Notre Dame’s Myron Tagovailoa-Amosa is another intriguing prospect in this year’s defensive line class. Tagovailoa-Amosa is a four-year contributor who has steadily improved with each passing season. Originally a 3-star recruit out of Hawaii, Tagovailoa-Amosa has developed into one of the best players on a vaunted Notre Dame defense. Tagovailoa-Amosa played predominantly interior defensive line in his first three years with the Fighting Irish, mostly lining up at 3-technique or 1-technique. In 2021, the school hired a new defensive coordinator so Tagovailoa-Amosa was asked to shed 15 pounds and step outside to rush off the edge. Tagovailoa-Amosa is a versatile defensive lineman who offers good size and very good length. He displays above average power at the point of attack and moves very well for a player his size. In the run game, Tagovailoa-Amosa shows an ability to set the edge with good power and leverage.
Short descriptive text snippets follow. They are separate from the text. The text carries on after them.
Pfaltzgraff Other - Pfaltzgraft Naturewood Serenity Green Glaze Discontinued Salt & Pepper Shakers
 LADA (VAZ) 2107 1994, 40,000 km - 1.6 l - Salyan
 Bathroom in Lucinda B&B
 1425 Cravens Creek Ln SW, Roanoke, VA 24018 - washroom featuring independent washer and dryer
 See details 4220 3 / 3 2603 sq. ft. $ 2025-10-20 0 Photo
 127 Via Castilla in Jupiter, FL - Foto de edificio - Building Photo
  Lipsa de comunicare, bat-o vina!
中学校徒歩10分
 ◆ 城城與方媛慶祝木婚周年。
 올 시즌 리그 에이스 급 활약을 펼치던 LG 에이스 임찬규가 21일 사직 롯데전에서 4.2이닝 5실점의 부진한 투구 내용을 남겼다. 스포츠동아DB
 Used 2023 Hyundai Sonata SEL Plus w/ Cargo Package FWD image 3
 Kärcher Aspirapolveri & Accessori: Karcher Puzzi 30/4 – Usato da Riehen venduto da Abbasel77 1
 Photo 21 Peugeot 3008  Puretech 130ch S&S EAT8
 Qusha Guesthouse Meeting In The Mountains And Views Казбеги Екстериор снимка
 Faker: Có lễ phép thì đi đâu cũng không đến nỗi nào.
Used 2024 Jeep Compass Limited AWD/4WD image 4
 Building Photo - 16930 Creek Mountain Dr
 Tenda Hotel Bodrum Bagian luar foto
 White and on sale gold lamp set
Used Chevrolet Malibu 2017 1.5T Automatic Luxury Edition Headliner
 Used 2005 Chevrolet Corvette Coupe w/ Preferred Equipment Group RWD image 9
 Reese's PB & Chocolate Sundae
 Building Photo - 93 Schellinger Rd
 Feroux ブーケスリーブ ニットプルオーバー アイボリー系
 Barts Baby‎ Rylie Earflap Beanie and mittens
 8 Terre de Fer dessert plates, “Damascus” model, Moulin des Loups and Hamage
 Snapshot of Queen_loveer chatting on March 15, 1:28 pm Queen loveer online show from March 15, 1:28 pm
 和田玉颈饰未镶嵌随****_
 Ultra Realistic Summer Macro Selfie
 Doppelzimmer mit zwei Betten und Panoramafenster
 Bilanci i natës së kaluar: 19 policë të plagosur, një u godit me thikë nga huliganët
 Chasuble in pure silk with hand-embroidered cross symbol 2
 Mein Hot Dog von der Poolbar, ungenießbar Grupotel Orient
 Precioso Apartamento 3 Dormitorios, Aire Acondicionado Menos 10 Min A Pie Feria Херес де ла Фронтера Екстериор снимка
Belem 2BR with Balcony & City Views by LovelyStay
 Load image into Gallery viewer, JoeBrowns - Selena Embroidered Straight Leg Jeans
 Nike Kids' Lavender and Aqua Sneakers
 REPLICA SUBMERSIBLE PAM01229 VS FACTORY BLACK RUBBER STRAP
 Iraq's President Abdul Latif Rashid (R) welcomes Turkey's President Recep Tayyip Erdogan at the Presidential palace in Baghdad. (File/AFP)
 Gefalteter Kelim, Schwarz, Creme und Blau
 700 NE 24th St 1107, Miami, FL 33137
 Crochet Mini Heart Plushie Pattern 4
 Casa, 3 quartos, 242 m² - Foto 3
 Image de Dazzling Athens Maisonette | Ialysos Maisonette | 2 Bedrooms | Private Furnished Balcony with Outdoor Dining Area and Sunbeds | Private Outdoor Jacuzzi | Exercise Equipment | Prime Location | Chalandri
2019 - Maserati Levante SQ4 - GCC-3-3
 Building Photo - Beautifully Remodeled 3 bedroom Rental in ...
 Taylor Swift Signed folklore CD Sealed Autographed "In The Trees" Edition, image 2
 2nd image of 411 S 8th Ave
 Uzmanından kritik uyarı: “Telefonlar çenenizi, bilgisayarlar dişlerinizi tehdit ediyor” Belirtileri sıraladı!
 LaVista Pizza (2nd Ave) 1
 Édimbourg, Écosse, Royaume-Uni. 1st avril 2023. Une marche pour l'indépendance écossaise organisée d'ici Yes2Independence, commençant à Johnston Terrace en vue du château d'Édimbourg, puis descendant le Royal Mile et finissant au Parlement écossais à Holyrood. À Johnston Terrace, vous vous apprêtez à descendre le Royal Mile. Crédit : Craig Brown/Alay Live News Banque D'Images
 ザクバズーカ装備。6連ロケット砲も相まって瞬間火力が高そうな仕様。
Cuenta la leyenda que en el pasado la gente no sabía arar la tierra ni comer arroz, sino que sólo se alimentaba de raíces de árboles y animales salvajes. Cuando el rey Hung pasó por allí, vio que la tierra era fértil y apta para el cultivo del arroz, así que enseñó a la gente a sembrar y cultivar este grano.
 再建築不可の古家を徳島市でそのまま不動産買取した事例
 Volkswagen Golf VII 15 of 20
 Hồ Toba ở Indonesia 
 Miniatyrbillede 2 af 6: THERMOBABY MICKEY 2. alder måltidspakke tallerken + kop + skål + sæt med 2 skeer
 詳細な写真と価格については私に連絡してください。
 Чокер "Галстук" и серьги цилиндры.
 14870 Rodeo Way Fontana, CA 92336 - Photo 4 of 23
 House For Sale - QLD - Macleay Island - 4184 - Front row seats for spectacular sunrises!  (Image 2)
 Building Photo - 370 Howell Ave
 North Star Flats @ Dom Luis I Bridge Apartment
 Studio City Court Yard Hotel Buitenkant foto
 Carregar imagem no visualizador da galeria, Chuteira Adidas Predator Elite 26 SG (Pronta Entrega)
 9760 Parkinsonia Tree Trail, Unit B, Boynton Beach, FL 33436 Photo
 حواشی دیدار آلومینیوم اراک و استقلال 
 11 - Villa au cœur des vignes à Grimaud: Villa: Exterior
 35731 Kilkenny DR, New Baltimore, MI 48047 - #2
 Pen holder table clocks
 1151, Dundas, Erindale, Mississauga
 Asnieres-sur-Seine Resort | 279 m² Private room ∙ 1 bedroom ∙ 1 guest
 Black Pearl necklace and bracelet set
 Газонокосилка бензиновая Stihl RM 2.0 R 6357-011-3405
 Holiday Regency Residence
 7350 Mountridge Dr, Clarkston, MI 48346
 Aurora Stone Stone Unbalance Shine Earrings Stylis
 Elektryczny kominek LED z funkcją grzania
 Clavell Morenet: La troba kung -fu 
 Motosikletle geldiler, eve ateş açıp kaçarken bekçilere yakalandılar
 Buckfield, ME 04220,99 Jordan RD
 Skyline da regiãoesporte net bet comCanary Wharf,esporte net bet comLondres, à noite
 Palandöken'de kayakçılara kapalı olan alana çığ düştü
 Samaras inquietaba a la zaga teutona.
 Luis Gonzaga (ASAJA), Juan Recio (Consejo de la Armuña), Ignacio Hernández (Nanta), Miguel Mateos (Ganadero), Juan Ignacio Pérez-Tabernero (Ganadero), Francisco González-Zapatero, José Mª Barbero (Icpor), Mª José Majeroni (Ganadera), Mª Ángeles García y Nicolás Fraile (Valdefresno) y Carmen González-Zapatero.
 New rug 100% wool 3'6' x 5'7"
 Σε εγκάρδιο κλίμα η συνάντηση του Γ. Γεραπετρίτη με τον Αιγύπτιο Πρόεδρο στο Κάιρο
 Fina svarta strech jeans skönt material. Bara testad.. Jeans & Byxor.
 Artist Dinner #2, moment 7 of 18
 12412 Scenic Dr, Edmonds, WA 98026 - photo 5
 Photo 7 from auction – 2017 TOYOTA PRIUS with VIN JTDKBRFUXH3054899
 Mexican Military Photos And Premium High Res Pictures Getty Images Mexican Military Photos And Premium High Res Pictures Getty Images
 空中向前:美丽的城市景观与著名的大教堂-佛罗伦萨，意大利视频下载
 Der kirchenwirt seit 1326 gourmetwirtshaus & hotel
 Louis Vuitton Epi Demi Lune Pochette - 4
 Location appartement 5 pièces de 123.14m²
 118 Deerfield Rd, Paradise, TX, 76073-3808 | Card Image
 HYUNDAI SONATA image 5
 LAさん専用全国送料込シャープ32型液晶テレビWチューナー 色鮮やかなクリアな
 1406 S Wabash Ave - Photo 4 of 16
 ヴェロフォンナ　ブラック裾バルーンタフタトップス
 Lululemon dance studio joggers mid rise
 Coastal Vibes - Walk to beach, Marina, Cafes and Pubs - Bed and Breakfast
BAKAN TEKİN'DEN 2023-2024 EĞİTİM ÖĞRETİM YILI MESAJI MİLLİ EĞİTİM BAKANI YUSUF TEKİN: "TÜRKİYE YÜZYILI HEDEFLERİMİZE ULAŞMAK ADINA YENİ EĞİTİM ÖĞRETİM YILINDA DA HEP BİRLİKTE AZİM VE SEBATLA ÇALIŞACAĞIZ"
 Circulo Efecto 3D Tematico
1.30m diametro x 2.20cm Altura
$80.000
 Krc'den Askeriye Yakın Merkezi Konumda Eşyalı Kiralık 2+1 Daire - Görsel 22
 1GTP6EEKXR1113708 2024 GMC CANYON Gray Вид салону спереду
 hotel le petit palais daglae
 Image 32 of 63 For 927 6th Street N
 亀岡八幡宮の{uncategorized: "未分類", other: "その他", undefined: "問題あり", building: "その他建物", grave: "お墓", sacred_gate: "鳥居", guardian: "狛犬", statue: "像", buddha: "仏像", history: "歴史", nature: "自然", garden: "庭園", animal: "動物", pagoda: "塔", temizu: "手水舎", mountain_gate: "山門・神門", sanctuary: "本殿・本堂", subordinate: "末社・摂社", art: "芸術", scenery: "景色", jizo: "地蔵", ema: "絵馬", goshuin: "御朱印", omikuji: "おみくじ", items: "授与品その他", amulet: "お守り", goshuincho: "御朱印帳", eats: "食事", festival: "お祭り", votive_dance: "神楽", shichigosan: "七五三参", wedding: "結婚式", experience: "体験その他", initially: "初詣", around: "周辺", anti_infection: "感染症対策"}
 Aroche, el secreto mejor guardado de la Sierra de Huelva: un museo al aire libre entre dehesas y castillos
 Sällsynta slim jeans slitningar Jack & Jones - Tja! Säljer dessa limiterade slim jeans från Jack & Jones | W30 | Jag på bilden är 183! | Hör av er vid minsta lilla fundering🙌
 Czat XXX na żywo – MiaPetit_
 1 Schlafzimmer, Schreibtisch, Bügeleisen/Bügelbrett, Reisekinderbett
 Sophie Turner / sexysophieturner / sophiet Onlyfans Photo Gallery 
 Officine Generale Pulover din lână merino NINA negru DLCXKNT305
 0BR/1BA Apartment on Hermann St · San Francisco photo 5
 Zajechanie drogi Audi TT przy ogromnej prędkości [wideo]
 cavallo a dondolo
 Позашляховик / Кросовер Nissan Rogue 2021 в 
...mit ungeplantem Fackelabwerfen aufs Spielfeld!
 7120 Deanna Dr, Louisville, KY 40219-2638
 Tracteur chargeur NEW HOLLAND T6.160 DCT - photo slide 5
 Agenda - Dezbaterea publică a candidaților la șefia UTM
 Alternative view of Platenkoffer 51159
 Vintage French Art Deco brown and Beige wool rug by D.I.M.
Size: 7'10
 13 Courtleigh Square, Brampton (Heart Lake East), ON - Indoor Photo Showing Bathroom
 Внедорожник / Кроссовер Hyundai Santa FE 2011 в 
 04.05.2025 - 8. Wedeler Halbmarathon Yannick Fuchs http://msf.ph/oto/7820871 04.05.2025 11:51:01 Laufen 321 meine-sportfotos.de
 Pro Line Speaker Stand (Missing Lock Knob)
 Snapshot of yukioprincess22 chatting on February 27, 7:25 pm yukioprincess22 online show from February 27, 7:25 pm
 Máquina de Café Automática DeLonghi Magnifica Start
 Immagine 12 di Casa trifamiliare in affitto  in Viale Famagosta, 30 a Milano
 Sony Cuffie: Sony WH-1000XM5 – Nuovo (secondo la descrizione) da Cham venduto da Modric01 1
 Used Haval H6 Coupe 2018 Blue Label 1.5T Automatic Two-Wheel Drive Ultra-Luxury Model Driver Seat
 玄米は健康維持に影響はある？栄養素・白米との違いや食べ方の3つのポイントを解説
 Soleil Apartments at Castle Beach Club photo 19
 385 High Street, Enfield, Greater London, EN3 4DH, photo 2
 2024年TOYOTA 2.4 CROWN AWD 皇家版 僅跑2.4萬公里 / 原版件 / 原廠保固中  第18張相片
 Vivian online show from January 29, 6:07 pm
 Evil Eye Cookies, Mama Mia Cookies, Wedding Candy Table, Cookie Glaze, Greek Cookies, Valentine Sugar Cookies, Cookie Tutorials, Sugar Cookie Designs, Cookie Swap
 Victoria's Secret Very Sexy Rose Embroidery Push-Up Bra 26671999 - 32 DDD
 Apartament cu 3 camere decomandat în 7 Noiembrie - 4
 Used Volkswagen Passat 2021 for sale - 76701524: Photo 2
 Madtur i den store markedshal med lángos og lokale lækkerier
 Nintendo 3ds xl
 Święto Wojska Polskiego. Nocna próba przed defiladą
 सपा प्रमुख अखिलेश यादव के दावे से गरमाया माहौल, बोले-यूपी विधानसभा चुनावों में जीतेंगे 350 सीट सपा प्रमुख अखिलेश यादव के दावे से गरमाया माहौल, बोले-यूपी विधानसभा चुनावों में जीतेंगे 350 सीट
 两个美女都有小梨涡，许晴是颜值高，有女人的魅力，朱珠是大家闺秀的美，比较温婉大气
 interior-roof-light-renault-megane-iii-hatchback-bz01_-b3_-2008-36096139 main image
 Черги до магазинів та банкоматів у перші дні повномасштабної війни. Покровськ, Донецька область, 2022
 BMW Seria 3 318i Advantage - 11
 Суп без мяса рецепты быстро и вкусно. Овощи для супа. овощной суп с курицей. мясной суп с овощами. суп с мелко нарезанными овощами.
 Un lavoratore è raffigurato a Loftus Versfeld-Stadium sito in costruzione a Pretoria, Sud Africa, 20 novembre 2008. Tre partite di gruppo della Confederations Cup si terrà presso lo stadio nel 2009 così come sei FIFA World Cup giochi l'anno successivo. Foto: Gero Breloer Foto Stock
He uses his length well and is able to lock-out while keeping his body clear to locate the football. He is a good athlete with regard to his short-area burst and lateral pursuit chasing the ball down the line of scrimmage. In the passing game, Tagovailoa-Amosa displays a good first step, strong and active hands, and a relentless motor. He won’t win with quickness or bend the arc with grace, but he has enough athleticism to gain an edge and has good power to knock the tackle back on his heels with a motor to finish. In terms of areas of improvement, I’d like to see Tagovailoa-Amosa be more consistent as a run defender as it pertains to shedding blocks and making plays on the ball-carrier. Additionally, as a rusher, he needs to work on secondary rush moves once his initial rush is stymied. Tagovaila-Amosa’s best position in the NFL will likely be as a rotational 3-technique where he can win with his natural leverage, hands, and power. The further he plays outside, the more his lack of top-tier athleticism is magnified.
Ideal Role: Developmental 3-technique or 5-technique
Scheme Fit: 4-3
Written by Brentley Weissman
Games watched: Purdue (2021), UNC (2021), Cincinnati (2021)
Best Game Studied: Purdue (2021)
Worst Game Studied: Cincinnati (2021)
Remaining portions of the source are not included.